El reloj marcaba la medianoche cuando dejé que las sábanas me
envolvieran con su ligero vuelo. Reposaba
aletargada entre aquellas cuatro paredes blancas y funestas cuando el sueño y
mi respiración se vieron interrumpidos por un sonido estruendoso. Un lúgubre lamento, un aullido desgarrado,
roto y rajado que velozmente se acercaba a mi posición.
“¿Quién anda ahí?” pregunté sabiendo que la respuesta sería
el silencio más desolador. El viento soplaba con la misma intensidad que un
tornado llevándose lo conocido. Los
árboles, abatidos, me suplicaban redención. De entre sus hojas emanaban
murmullos que me atravesaban los tímpanos sin delicadeza. El cielo hedía a
podredumbre y a negrura.
¿Qué bestia indómita era capaz de producir tan espeluznante
ruido? Los sonidos, que aumentaban caprichosos, calaban en mis extremidades e
incidían en mis pensamientos. Estaba dominada por aquello que fuera lo que fuese, quería
apartarme de esta vida.
La falta de valentía me deslizó bajo mi cama, donde la
palabra cobarde resonaba una y otra vez en el eco de la noche. Cobarde.

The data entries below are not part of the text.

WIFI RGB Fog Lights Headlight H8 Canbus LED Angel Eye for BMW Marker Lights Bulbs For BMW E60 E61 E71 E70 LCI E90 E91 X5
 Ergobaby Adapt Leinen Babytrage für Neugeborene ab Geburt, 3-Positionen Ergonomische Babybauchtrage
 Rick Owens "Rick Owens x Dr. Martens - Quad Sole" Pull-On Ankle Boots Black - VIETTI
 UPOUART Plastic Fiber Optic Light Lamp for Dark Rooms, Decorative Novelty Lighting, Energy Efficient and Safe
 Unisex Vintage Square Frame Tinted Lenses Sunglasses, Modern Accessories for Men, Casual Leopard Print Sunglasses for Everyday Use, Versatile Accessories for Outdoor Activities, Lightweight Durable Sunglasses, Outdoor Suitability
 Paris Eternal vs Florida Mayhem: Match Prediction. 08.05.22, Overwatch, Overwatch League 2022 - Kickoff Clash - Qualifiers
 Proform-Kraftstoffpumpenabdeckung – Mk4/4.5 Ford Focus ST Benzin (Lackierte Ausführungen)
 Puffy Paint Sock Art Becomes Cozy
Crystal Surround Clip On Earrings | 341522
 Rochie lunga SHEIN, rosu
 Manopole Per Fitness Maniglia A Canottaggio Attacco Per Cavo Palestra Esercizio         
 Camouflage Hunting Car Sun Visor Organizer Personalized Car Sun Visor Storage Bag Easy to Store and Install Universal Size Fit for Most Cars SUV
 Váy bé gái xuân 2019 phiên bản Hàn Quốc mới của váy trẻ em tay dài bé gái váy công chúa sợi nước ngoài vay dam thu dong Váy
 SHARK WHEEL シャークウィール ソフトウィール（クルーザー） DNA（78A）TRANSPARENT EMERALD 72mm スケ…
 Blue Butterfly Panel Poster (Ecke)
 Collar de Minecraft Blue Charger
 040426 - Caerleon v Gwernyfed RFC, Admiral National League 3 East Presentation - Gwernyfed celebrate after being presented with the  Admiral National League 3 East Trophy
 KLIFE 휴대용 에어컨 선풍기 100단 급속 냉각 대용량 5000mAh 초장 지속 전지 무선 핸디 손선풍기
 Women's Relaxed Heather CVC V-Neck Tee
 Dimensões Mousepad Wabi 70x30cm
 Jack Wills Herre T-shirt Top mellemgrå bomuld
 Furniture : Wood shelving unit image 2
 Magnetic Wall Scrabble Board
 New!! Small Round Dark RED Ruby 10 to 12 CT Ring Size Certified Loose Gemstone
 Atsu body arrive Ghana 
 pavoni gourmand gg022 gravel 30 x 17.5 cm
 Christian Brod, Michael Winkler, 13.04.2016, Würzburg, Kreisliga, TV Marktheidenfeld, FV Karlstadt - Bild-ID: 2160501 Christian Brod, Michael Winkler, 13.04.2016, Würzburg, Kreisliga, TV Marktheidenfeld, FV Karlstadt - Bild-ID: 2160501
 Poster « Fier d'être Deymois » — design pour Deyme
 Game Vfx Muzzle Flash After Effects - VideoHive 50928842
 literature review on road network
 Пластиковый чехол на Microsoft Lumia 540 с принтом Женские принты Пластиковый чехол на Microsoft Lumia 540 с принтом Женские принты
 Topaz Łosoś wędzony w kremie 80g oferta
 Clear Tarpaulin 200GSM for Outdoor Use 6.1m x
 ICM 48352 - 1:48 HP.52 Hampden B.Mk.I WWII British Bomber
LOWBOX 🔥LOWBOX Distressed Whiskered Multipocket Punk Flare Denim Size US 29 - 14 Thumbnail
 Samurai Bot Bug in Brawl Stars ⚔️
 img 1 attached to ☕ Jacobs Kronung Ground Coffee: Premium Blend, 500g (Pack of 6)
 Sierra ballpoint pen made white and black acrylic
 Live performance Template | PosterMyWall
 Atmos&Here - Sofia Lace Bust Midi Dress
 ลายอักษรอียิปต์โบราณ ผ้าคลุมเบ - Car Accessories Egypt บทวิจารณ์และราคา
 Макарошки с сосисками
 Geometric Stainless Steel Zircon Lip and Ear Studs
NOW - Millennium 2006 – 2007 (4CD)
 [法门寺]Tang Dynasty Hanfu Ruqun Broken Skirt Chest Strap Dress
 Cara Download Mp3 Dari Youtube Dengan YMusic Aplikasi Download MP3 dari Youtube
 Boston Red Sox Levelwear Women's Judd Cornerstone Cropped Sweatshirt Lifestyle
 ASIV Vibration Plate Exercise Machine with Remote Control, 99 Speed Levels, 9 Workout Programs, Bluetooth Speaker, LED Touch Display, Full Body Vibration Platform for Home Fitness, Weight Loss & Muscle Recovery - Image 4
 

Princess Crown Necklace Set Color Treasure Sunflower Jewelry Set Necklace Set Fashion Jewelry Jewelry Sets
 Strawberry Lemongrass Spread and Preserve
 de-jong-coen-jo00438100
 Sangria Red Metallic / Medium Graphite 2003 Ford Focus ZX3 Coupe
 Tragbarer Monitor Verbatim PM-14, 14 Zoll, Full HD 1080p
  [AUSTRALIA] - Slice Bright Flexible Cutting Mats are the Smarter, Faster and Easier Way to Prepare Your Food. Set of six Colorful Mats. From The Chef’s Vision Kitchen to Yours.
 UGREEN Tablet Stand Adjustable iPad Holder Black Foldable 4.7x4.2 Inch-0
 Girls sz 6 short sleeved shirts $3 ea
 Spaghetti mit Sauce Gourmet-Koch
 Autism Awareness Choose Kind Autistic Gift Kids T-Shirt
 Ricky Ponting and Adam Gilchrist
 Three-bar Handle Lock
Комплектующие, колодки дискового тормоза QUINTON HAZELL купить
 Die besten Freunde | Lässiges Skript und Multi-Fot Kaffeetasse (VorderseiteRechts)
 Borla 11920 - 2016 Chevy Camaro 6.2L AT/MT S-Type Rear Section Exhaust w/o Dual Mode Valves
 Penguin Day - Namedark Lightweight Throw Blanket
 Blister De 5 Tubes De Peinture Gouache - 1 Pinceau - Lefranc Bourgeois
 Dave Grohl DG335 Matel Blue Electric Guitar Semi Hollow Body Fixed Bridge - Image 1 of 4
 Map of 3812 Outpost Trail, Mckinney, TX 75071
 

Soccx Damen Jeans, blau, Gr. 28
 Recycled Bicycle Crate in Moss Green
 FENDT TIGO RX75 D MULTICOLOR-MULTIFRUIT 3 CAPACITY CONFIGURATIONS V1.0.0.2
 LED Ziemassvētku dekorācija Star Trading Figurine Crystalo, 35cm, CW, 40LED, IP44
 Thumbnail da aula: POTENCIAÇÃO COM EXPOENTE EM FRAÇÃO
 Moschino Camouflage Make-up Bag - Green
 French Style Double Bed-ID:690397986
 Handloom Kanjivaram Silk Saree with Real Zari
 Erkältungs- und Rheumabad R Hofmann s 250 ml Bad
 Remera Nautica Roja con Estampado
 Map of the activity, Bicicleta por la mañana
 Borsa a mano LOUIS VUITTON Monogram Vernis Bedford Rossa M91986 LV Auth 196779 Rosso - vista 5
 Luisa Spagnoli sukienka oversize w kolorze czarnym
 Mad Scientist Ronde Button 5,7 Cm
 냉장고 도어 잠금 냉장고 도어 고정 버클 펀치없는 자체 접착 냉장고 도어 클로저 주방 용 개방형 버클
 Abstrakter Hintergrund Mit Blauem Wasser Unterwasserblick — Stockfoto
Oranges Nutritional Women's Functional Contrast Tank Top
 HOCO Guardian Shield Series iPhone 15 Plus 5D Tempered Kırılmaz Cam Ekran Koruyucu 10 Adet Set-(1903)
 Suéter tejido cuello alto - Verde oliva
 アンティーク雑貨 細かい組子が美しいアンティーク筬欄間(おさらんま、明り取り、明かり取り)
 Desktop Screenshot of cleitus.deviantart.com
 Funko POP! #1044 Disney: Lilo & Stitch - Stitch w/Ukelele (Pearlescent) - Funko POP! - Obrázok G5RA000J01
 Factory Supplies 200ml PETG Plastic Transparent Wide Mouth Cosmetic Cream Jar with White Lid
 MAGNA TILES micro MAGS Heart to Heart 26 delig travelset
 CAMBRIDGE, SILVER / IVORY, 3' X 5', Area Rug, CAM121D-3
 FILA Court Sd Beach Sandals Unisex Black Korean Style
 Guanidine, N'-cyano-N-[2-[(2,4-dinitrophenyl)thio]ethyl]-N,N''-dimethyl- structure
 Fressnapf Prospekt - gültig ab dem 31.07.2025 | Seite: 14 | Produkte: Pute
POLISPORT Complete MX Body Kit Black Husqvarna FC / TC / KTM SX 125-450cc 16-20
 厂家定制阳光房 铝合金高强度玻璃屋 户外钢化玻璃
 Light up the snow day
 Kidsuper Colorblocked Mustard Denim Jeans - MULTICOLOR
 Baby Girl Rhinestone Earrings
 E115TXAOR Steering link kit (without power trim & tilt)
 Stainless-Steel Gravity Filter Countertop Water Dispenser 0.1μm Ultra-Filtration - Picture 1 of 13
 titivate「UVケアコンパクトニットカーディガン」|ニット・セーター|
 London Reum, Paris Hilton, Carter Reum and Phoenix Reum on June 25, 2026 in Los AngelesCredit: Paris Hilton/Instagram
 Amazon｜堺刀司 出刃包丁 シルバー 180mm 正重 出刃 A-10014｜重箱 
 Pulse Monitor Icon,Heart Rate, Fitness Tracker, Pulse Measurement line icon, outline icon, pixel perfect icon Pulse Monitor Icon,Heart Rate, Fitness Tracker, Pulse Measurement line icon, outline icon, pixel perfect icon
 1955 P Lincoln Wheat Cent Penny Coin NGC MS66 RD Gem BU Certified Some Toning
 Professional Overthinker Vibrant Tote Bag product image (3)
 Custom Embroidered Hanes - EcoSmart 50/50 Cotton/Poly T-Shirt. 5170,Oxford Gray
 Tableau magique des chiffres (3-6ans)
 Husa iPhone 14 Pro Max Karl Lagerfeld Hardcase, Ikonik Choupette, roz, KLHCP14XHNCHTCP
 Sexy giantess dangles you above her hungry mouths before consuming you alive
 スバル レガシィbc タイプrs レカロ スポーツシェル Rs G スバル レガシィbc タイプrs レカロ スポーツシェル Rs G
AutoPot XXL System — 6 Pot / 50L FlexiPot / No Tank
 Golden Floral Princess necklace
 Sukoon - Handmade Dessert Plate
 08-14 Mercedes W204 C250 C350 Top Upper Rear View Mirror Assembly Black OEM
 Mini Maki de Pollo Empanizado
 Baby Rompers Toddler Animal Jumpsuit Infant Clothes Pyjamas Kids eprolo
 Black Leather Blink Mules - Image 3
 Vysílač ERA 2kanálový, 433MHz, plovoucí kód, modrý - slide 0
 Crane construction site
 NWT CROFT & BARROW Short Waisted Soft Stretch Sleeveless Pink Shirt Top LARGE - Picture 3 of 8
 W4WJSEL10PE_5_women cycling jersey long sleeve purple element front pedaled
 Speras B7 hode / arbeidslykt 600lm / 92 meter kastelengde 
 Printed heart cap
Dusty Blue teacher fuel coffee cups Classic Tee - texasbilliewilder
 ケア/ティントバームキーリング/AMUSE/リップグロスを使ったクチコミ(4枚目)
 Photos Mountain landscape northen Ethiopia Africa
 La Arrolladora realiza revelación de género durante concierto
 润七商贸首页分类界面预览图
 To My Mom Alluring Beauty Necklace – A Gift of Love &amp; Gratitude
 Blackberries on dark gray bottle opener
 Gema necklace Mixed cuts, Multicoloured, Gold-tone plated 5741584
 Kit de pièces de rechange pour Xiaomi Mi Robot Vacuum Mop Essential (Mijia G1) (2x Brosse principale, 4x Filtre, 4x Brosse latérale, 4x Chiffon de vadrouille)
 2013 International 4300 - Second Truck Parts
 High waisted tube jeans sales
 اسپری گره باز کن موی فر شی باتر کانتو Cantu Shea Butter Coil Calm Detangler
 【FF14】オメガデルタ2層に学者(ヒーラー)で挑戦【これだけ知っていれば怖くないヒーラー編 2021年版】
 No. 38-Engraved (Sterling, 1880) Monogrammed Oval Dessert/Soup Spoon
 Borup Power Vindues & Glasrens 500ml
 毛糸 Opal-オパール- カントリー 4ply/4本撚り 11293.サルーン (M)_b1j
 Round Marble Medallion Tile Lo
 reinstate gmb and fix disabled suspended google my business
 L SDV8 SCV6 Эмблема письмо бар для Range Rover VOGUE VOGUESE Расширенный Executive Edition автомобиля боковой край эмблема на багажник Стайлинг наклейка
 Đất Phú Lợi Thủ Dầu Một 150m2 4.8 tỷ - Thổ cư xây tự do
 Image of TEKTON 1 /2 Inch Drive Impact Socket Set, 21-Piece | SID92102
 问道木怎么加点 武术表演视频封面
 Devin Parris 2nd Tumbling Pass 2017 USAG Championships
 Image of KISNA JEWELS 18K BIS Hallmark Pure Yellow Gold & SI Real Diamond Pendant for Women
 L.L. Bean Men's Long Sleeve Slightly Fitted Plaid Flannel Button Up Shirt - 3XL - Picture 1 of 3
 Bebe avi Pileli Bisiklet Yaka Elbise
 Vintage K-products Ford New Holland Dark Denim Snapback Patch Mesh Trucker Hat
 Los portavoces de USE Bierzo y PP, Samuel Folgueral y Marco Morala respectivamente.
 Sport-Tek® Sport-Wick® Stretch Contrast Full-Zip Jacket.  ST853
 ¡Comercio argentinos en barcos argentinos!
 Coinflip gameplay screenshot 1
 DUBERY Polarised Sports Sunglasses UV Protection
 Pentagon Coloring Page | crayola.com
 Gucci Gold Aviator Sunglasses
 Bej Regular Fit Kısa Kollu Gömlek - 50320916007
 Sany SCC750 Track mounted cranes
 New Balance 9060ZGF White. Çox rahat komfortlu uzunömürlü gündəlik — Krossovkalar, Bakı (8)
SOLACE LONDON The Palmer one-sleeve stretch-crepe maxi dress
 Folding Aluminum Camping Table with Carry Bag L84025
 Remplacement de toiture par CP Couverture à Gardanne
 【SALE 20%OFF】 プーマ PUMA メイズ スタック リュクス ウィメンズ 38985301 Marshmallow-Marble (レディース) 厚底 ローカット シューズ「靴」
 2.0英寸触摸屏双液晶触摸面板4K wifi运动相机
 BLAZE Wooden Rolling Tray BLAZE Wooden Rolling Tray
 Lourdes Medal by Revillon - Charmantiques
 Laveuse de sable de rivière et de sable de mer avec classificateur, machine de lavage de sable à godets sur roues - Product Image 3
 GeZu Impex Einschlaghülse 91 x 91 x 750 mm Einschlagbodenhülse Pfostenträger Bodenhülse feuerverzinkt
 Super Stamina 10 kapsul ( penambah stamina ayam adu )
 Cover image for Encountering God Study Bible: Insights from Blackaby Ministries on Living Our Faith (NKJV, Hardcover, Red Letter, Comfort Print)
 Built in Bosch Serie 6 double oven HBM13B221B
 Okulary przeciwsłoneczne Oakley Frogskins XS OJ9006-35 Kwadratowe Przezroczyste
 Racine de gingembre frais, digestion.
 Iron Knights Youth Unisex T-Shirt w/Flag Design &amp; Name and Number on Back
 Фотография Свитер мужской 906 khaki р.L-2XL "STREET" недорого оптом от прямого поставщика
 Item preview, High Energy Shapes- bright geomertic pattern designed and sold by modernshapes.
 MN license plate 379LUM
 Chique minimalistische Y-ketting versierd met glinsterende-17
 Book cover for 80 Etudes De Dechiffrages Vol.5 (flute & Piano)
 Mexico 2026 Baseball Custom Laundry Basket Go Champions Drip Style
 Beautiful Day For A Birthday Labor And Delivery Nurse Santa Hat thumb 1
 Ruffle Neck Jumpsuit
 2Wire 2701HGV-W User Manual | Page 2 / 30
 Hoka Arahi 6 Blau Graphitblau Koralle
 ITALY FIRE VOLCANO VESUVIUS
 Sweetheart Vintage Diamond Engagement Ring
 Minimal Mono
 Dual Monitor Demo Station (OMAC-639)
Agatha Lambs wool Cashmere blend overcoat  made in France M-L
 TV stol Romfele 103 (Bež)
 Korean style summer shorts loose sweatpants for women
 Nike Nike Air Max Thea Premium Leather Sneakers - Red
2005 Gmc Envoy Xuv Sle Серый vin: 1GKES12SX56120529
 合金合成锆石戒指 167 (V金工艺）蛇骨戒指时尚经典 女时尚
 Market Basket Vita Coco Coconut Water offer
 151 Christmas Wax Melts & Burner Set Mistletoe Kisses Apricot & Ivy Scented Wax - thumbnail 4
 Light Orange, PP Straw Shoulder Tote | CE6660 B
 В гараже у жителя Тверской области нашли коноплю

Cobarde. Cobarde. Entonces clamé. Clamé hasta quedarme afónica, con la boca
abierta, sin poder hablar. Y sin apenas darme cuenta todo volvió a ser sosiego.
De repente la tranquilidad se expandió por el habitáculo. Los lamentos ya no
eran lamentos, y los murmullos se esclarecieron.
Salí de mi escondite y con paso indeciso me dirigí hacia la
ventana. Posé los ojos lacrimosos en la
oscuridad del paisaje, y entonces, llovió.